Apparently, the needed improvements to the regulatory system are known.

Oil Spill Disaster – regulating oil and gas drilling is hard to do

One has to wonder if the “public interest” is being served, given that the regulation of oil and gas drilling at both federal and state levels is under attack by industry forces.

See Drilling Industry and Gubernatorial Candidates Move to Weaken Some State Regulations, ProPublica, August 5.

As the federal government focuses on strengthening regulations for deepwater drilling, the gas and oil industry is quietly trying to weaken state regulations for drilling on land.

Oil Spill Disaster – July 6 – conflicts re regulation

To say “It’s complicated” is an understatement when it comes to how to regulate offshore oil drilling.  Obama Decried, Then Used, Some Bush Drilling Policies, WSJ July 5.

The Obama administration’s actions in the court case exemplify the dilemma the White House faced in developing its energy policy. In his presidential campaign, President Obama criticized the Bush administration for being too soft on the oil industry and vowed to support greener energy forms.  But, once in office, President Obama ended up backing offshore drilling, bowing to political and fiscal realities, even as his administration’s own scientists and Democratic lawmakers warned about its risks.

The dimensions of the problem seem almost endless.  See this less-than-cheerful bit of information about the size of the oil reservoir. Relief well is last best hope to contain gusher. AP, July 5.

Chief Executive Tony Hayward said in June that the reservoir of oil is believed to hold about 2.1 billion gallons  of oil. If the problem was never fixed, it could mean another two years of oil spilling based on the current flow rate until the reservoir is drained.

Oil Spill Update – June 18

Latest news this am:

Obama’s spill recovery chief will be part-time.  Yesterday, I noted his lack of experience with long-term recovery from disaster and today we learn he will keep his existing, demanding job. This appointment does not make good sense, in my opinion.

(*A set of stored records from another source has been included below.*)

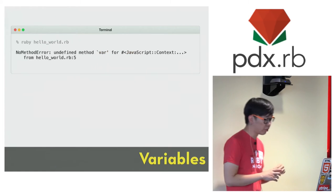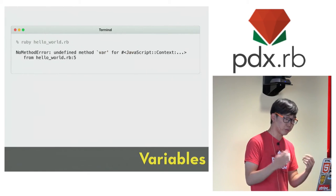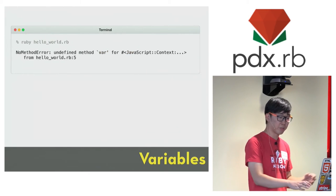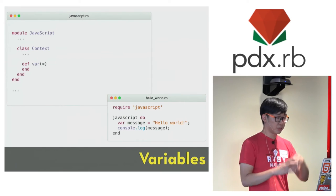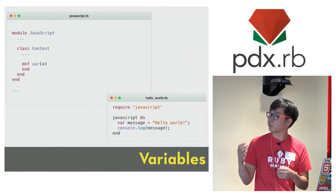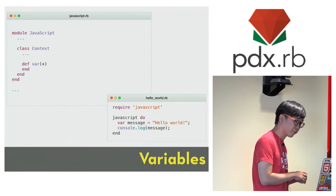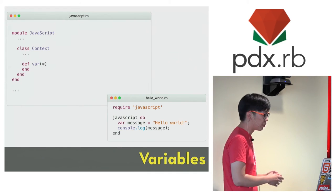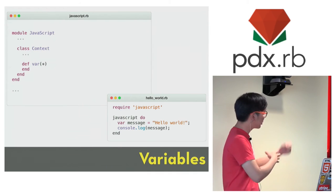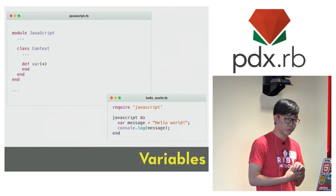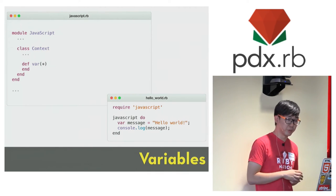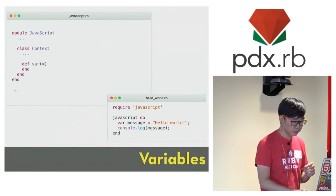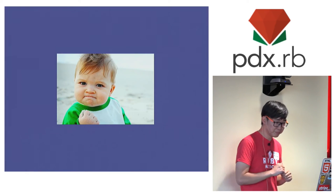So looking at the error message again, Ruby is complaining that we don't have a method called var that is easy enough to fix. In our context class, we can just add a method var that doesn't do anything, and now if you run this piece of code again, it will do everything you expect and it will print hello world to the console. So that's pretty great.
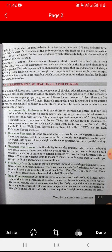Other flexibility tests include the back stress test and the modified Thomas test. Body composition is one of the major components of health-related fitness. Body composition can be measured using an instrument called calipers, or it can be calculated using height and weight to determine the BMI.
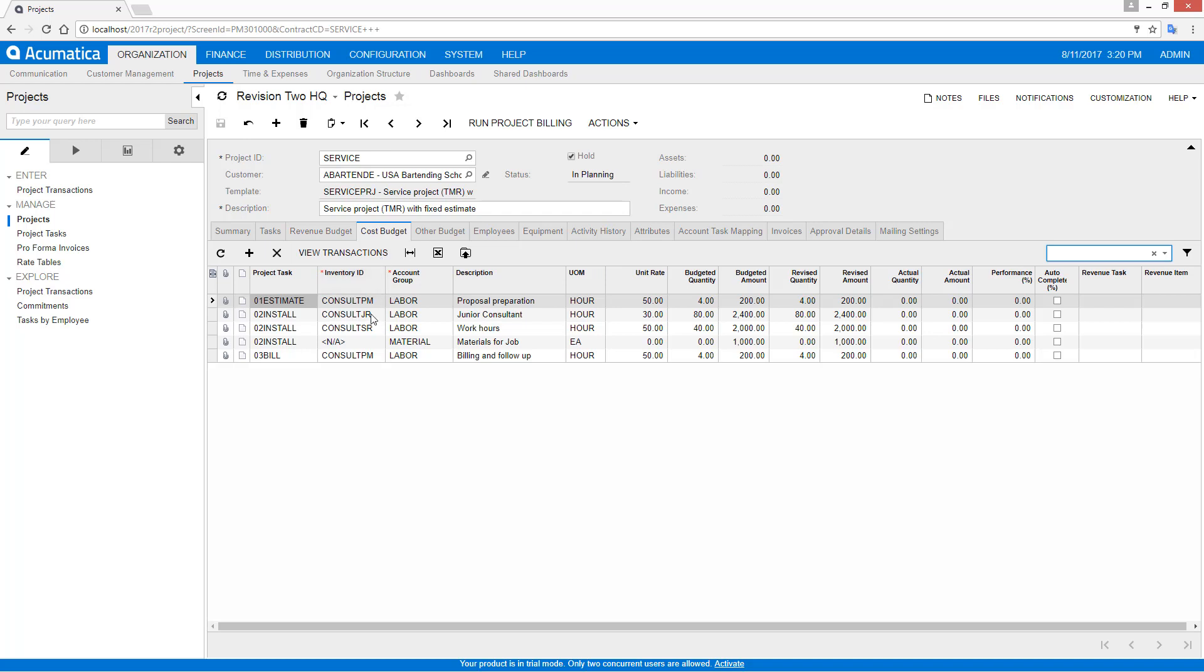Within the cost budget, each specific project task can be linked to a specific inventory item and account group, and a budget can be provided at the task level on a single screen.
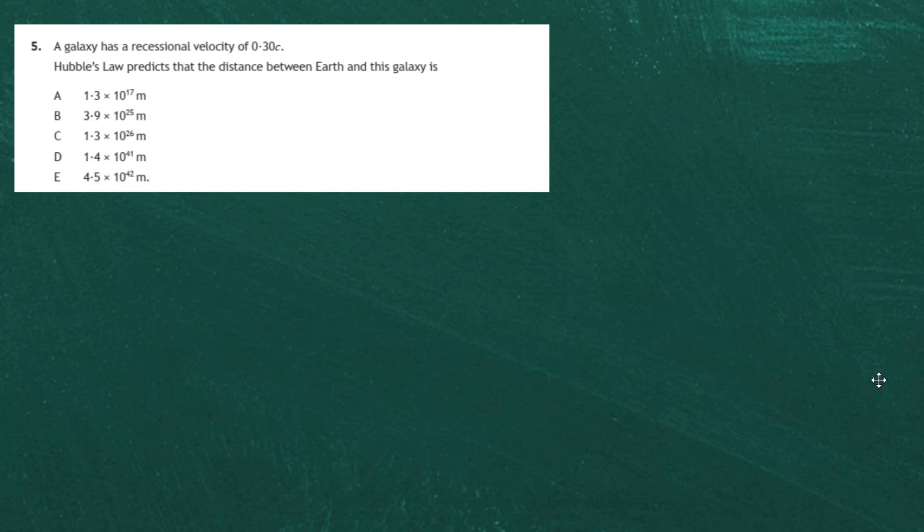Question 5 from Section 1 of the 2017 Higher Physics examination. A galaxy has a recessional velocity of 0.30c. Hubble's Law predicts the distance between the Earth and this galaxy. We know that recessional velocity is the velocity it moves away from us, and 0.30c means 0.30 times the speed of light.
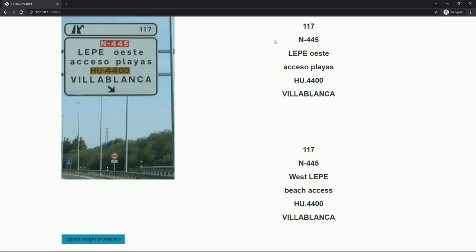So this is the information here and this is the translated text. As you can see it says Lepe Oeste, and in Spanish that's West Lepe, and Accesso Playa means beach access and that is here.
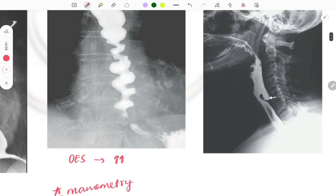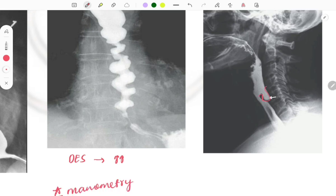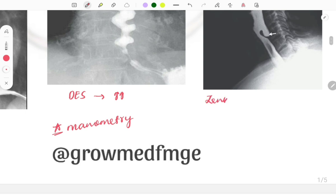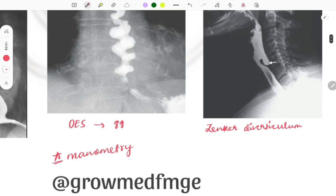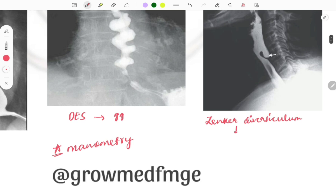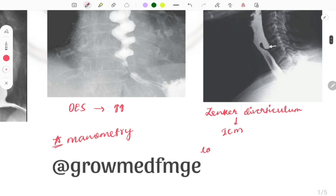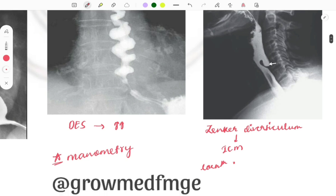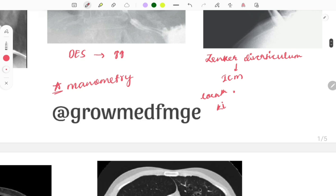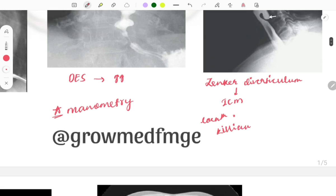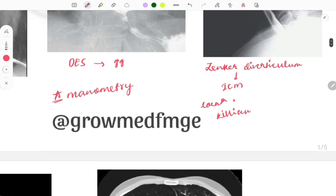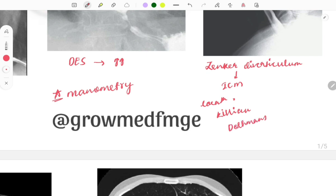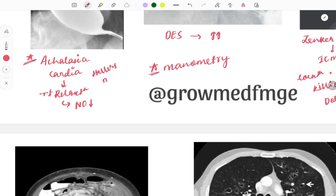This image is of Zenker's diverticulum — you can see an esophageal pouch forming. It occurs due to weakness between the inferior constrictor muscles, specifically between the thyropharyngeus and cricopharyngeus — the location known as Killian's triangle or Killian's dehiscence. Treatment is Dohlman's procedure. For achalasia cardia, the treatment is Heller's myotomy — note this distinction.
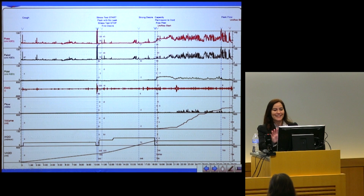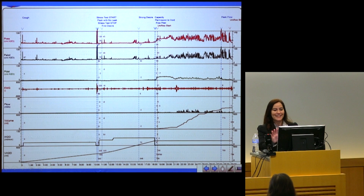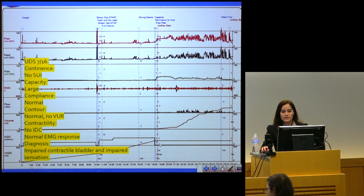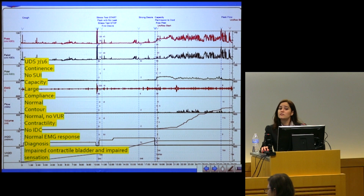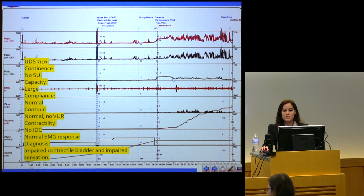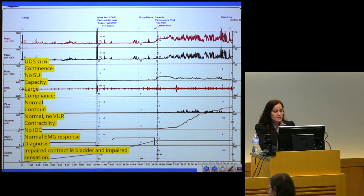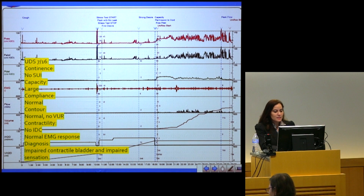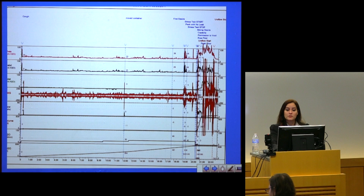I don't expect you to fully interpret the tracing, but I'll point out some key things. This is her filling phase and voiding phase. Her bladder capacity was approximately 700 milliliters — above average, especially for a woman. Her urinary flow is long, prolonged, and flat. And her detrusor function, right here — it's not great, trust me. We can say she had impaired sensation and an impaired contractile bladder, which we now call detrusor underactivity. This is her preoperative urodynamics.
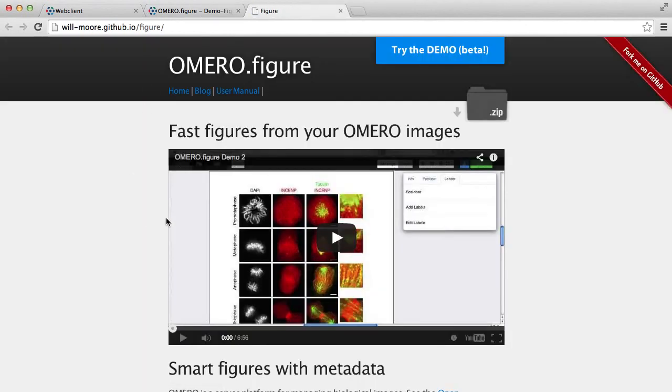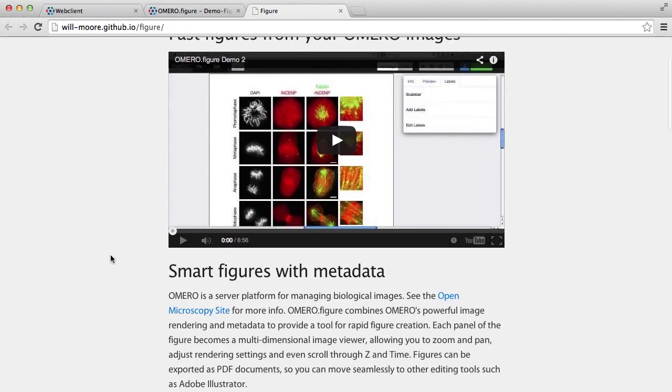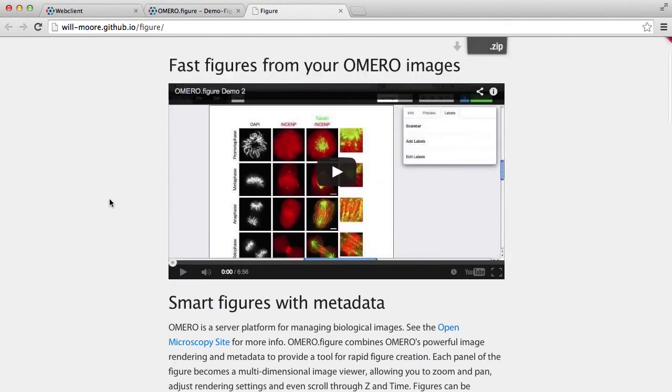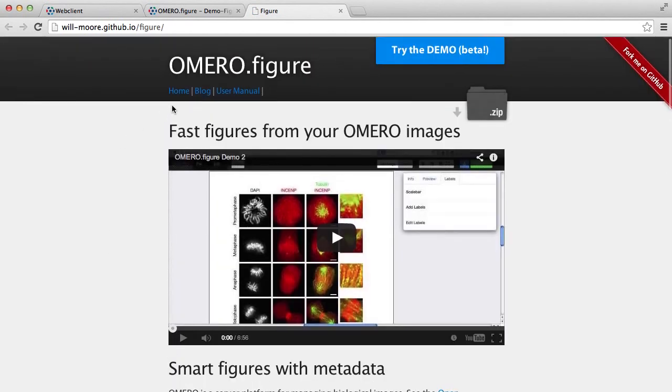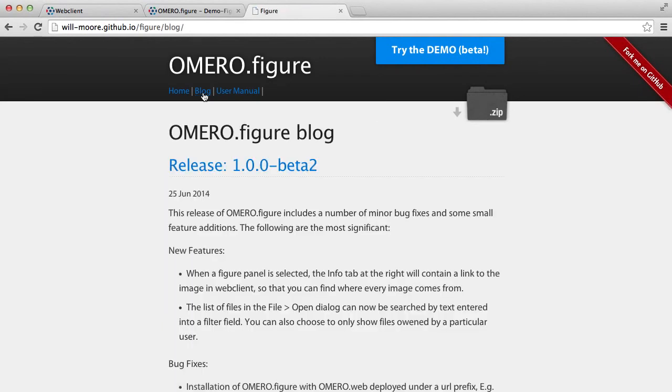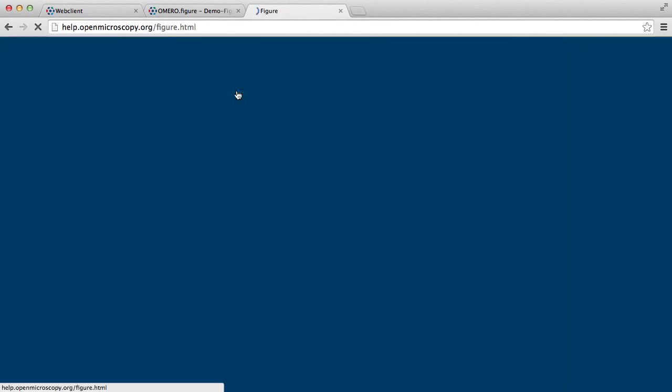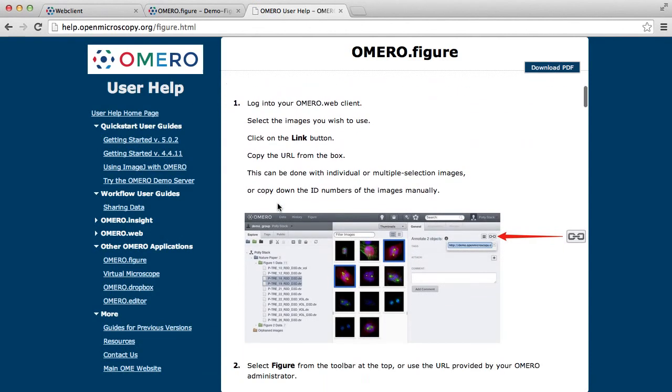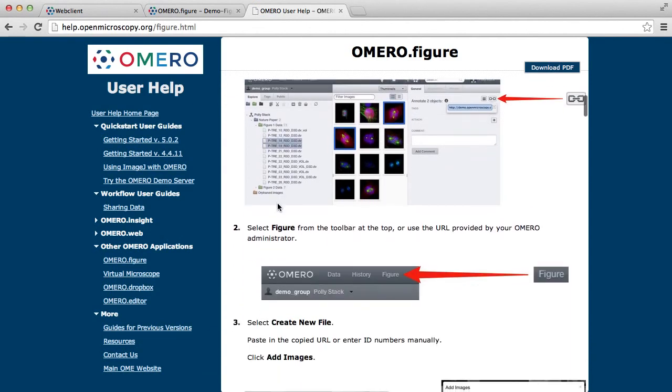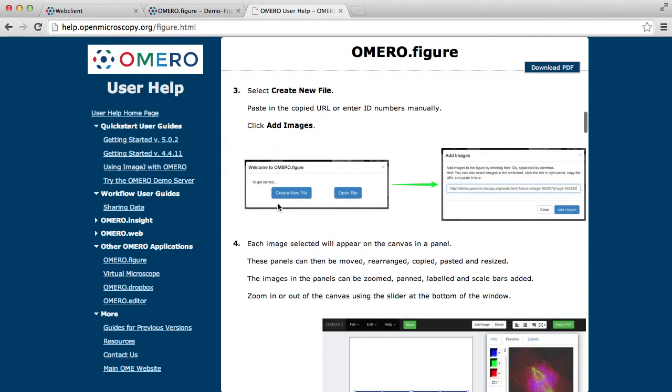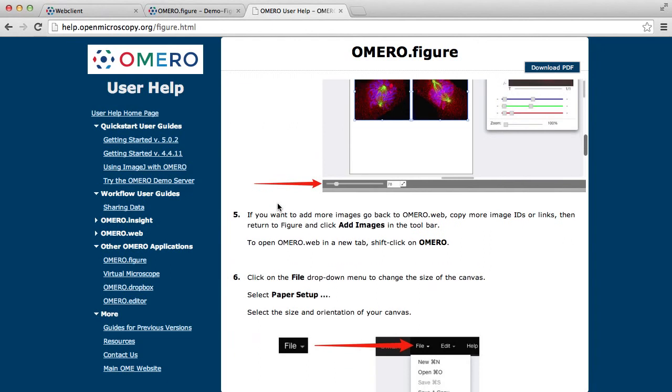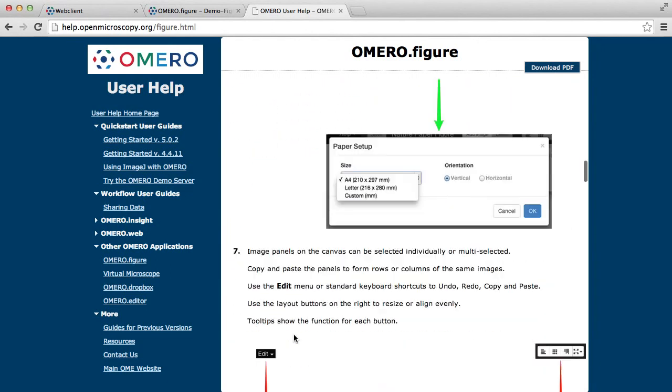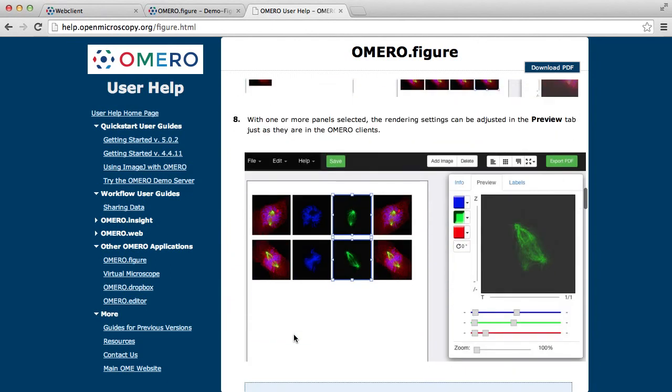there's an introduction and installation instructions, as well as a blog with a few posts, and a user manual which gives a good introduction and explanation of the features of OMERO Figure.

President Barack Obama’s point man charting a new future for the oil-poisoned Gulf Coast  will do the job part-time. Some environmentalists said the job demands someone’s full attention.

His job is no less than rebuilding a region that was still suffering from Hurricane Katrina and beset by decades of environmental problems even before the largest oil spill in U.S. history.

Why Living Wills Fail. NYT June 17.  In my view, this articles points out one more reason not to use template plans for emergency response.

At the Tuesday hearing of the House Subcommittee on Energy and Environment,  the committee posted  the Gulf of Mexico spill-response plans of five companies (BP, Chevron, ConocoPhillips, Exxon Mobil and Shell) “… that demonstrated striking, peculiar and disconcerting similarities.

… it turns out that all the plans were written by the same subcontractor. All contain some goofy details — including how to protect walruses, sea lions and seals, which don’t actually live in the Gulf. More worrying, given the apparent and complete failure of the BP response at Deepwater Horizon, it appears that none of the major oil companies are more (or less) prepared for such events. [The firm was identified as The Response Group.]

President Obama is now experiencing a form of backlash against years of regulatory capture — and against the pathetic nature of “living wills” for failed deepwater oil wells. If he is able to draw any more general lessons — and this remains far from clear — the president would be well advised to reflect on other activities that are simply so dangerous that our obvious and repeated regulatory weaknesses mean we would be better off simply prohibiting those activities (e.g., some kinds of drilling, or having big banks).

BP oil spill: MMS shortcomings include ‘dearth of regulations’. According to the Christian Science Monitor, June 17,  a new report got to the core of problems at the Minerals Management Agency.

The federal agency charged with overseeing the offshore oil and gas industry was ill-prepared to do its job because of a severe shortage of inspectors, a “dearth of regulations,” and a “completely backwards” approach to investigating spills and accidents.
Mary Kendall, acting inspector general for the Interior Department, shown in this May 26 photo, testifying about the BP oil spill in the Gulf of Mexico at the House Natural Resources Committee hearing.